Quent: Sie tragen Anzug und Hundekrawatte (lacht). Im Ernst: Man kann sie nicht am Äußeren erkennen. Auf rechtsradikalen Demonstrationen stehen die Hooligans, die Kampfsportler, die autonomen Nationalisten und Hipster-Nazis neben sogenannten besorgten Bürgerinnen und Bürgern. Im Bundestag sitzen sie im Hosenanzug oder mit Schlips. Es gibt verschiedene Subkulturen und Subszenen. Den meisten, die rechtsradikal denken oder handeln, sieht man das nicht an.
SPIEGEL: Spielt die Kleidung heute gar keine Rolle mehr?
Quent: Es gibt durchaus szenetypische Klamottenfirmen, zum Beispiel Phalanx Europe von den Identitären, die bei Neonazis beliebten Marken Ansgar Arian und Thor Steinar, zudem diverse Kampfsportlabels. Aber die Grenzen verschwimmen, rechte Stile haben sich ausdifferenziert. Mit Klischees oder Exotisierungen kommt man nicht weit und es besteht die Gefahr, davon abzulenken, dass das eigentlich gefährliche Potenzial aus der Gesellschaft heraus erwächst. Man muss vor allem auf Worte und Taten achten.

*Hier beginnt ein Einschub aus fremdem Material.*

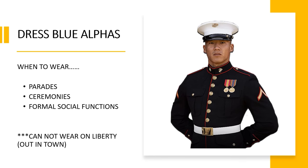First up we have the Dress Blue Alphas. When to wear them: parade ceremonies and formal social functions. You cannot wear these out in town on liberty, so you cannot just flex this uniform for anyone you want. As you can see, with the Dress Blue Alphas you're wearing your medals, so you're pretty much only going to wear this uniform to the Marine Corps ball or to a wedding — something very formal.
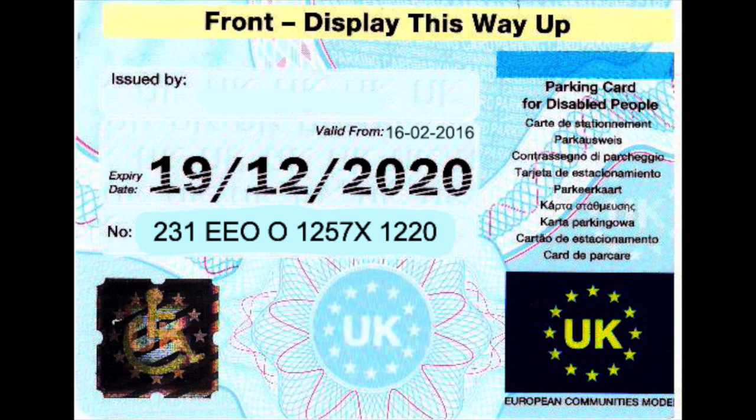Let's look at this card in detail. You'll see the number of the card, which is 231EE001257X, and this is where we get our information. 1257X relates to a male — the X chromosome — who was born in December 1957. The 1220 at the end of the serial number and the other numbers 231EE00 relate to identifying factors that give an indication as to where the badge has been issued, and these are for departmental references.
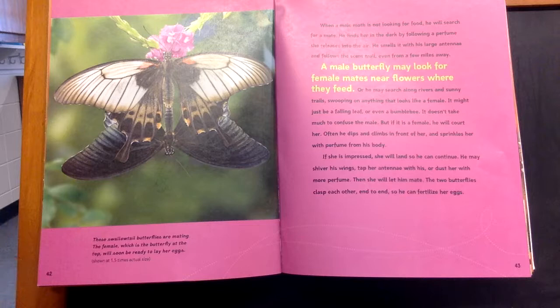But if it is a female, he will court her. Often he dips and climbs in front of her and sprinkles her with perfume from his body. If she is impressed, she will land so he can continue. He may shiver his wings, tap her antennae with his, or dust her with perfume.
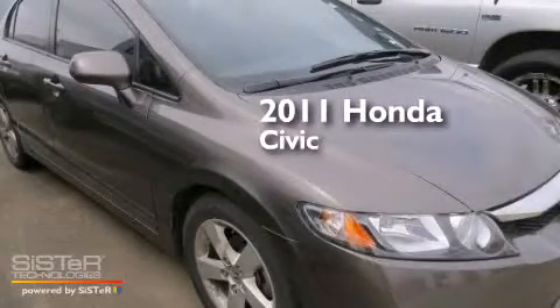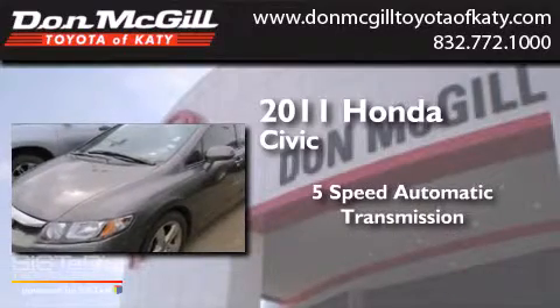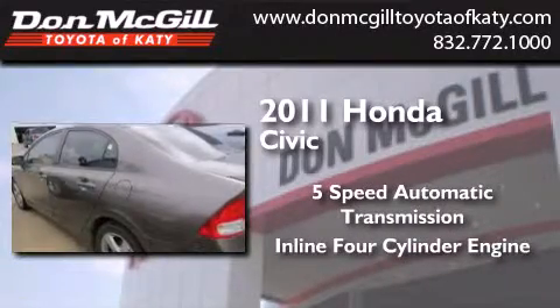This is a 2011 Honda Civic. This car has a 5-speed automatic transmission and an inline 4-cylinder engine.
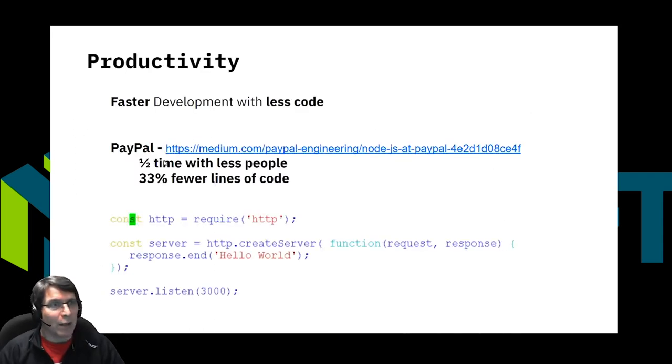Development teams have found that they get great productivity increases by moving to Node, and that's one of the reasons it's gained so much popularity as a new entrant. People report faster development with less code. There's a study from quite a few years ago where PayPal reported that they coded the same application in Node and in Java, and ended up taking half the time with fewer people and 33% fewer lines of code.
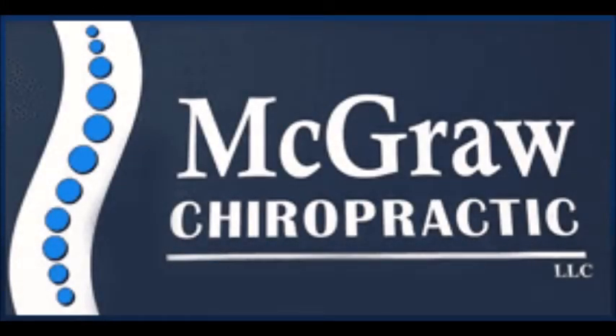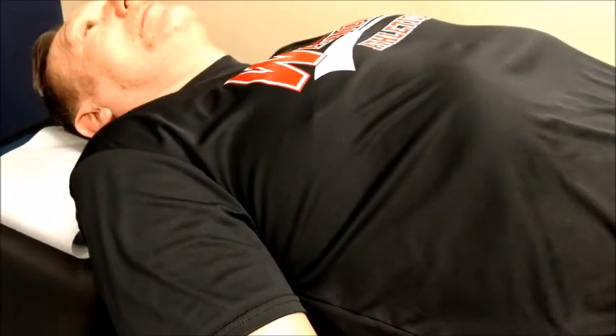Welcome to McGraw Chiropractic. We're excited to announce that the world class React Muscle Therapy System has just arrived at our location in Tannersville.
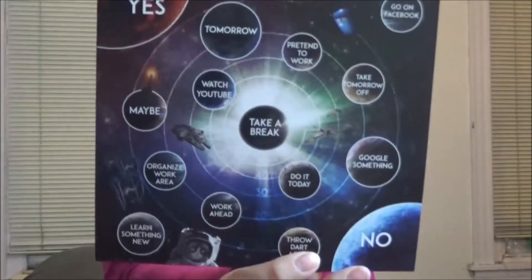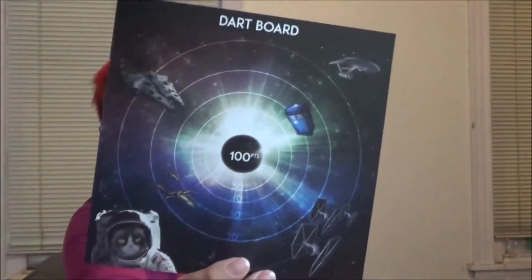And there's this, which could actually be used with the darts — it is the Office Decision Maker. There's a dartboard on the back, but the Office Decision Maker side is cooler. It's sci-fi themed: there's a TARDIS, the Millennium Falcon, some TIE Fighters, Grumpy Cat in an astronaut suit, and some X-Wings. You go 'oh, what am I going to do?' and throw a dart at it. Options include 'take tomorrow off,' 'watch YouTube,' 'Google something,' 'work ahead,' and 'learn something new.' I really like this — maybe I'll hang it up in my office. I think my coworkers might find it funny.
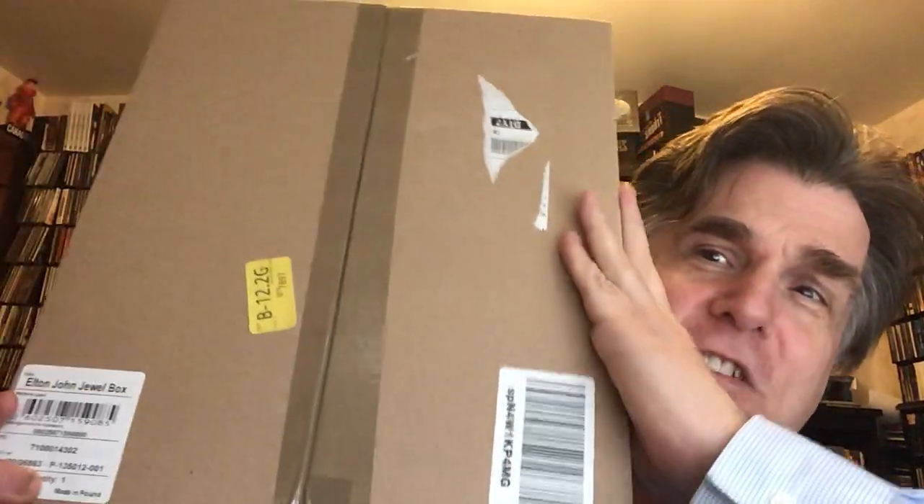Hey, VC. I'm Jamie. Welcome back. We are back with another video, and it's time for another unboxing. It has just arrived.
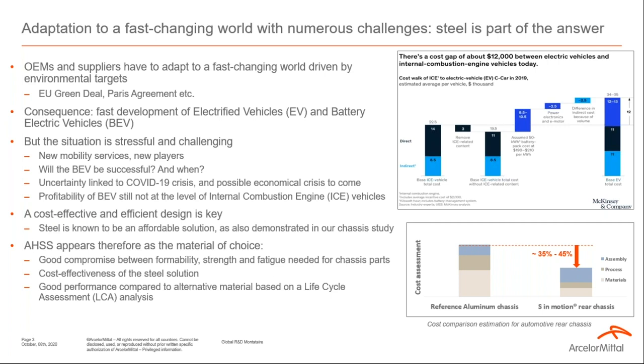Electrification presents significant design challenges for OEMs, specifically related to chassis design. Chassis parts and modules must provide adequate stiffness while resisting cycling, incidental, and accidental load cases, with a good level of noise and vibration control. Advanced high-strength steels are good candidates for the required compromise between formability, strength, and fatigue for chassis parts — offering 35 to 45% cost effectiveness advantage over alternative materials, and a good performance based on life cycle assessment analysis.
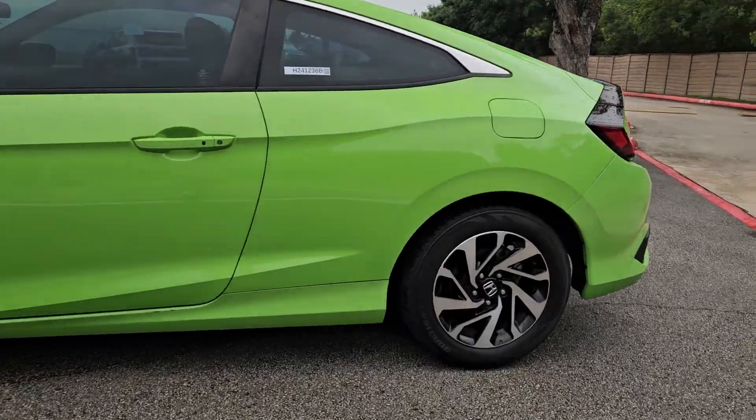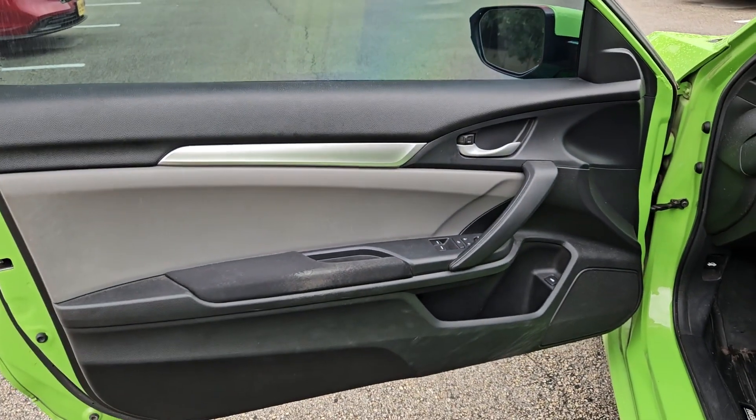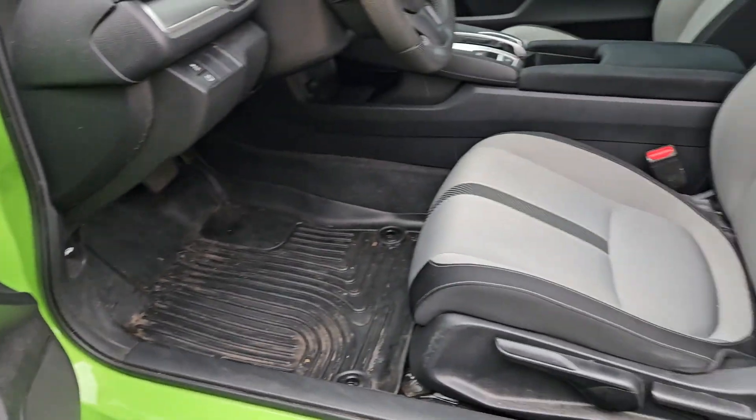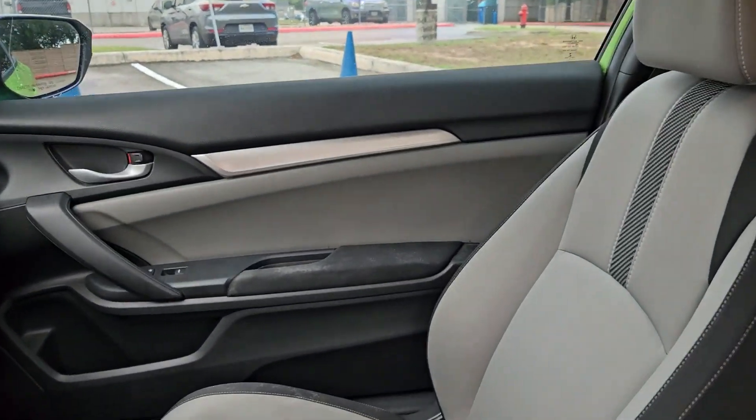These are just some of the great options this vehicle comes with: keyless entry, sun and moonroof, remote engine start, keyless start, backup camera, aluminum wheels, alarm, Bluetooth connection, steering wheel audio controls, and stability control.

SPIEGEL: Wie meinen sie das?
Quent: Rechtsradikale nutzen heute Sprache, um bestimmte Gruppen zu entmenschlichen – es wird von »Invasoren« gesprochen statt von Flüchtlingen, so wie es das rechte »Compact«-Magazin als Strategie vorgegeben hat. Den Begriff hat man im Manifest des Attentäters in Christchurch 65-mal gelesen, das war im Jahr 2019. Das kann so interpretiert werden, als müsse man sich gegen die quasimilitärische Bedrohung einer Invasion gewaltsam zur Wehr setzen. Gewalt wird auch teils durch vermeintlich augenzwinkernder Humor normalisiert. Trotzdem finde ich es wichtig, zunächst nachzufragen oder zu argumentieren, bevor mit Stigmatisierungen gearbeitet wird.
SPIEGEL: Sie schreiben, physische Gewalt sei im Rechtsradikalismus zwangsläufig enthalten. Wieso?
Quent: Rechtsradikalismus wird definiert als eine Ungleichwertigkeitsideologie – die Schlussfolgerung für viele ist, dass es eine völkische Reinheit gibt, die wichtig ist und notfalls mit Gewalt geschützt werden muss. Gesellschaftliche Veränderungsprozesse werden als Umvolkung oder Volkstod beschrieben. Man sieht sich nicht als Angreifer, sondern Verteidiger. In einer modernen Einwanderungsgesellschaft wie Deutschland sind undemokratische Ideale einer weißen Vorherrschaft oder gar reinen Volksgemeinschaft nur gewaltsam durchsetzbar.
SPIEGEL: Die Verbreiter rechtsradikaler Parolen, auch in der AfD, sagen oft: »Das war doch nicht so gemeint«, oder »Oh, das war mir gar nicht bewusst«. Was ist davon zu halten?
Quent: Es mag einzelne Fälle geben, wo das zutrifft. Oft ist das aber Ausdruck einer erprobten Strategie mit dem Ziel, die Grenze des Denk-, Sag- und Machbaren zu verschieben. Einerseits wird die Öffentlichkeit so im Vagen gelassen, andererseits verstehen die rechtsradikalen Anhänger die Botschaft genau.
SPIEGEL: Trotzdem gibt es Menschen in der Zivilgesellschaft, die sich gegen Rechts einsetzen ...
Quent: ... und zwar viele, seit vielen Jahren! Sie erhalten oft aber keine Anerkennung, sondern werden stattdessen selbst als Extremisten diskreditiert. Mit dem Erstarken der AfD setzen sich derzeit mehr Menschen ein, aber ich nehme auch wahr, dass manche resignieren. Die Ohnmacht ist groß, nicht nur weil es Drohungen gibt, aufgeschlitzte Reifen, Kot in den Briefkästen – ohne, dass darüber berichtet wird. Auch wegen der Angriffe aus den Parlamenten: Initiativen werden infrage gestellt, Kommunalparlamente streichen Geld für Demokratieprojekte in Jugendhäusern. Die Bundesregierung hat wichtige Schritte eingeleitet, gleichzeitig ist aber der Druck auf Engagierte sehr groß – durch prekäre Finanzierung, durch fehlende Anerkennung und hohe bürokratische Hürden.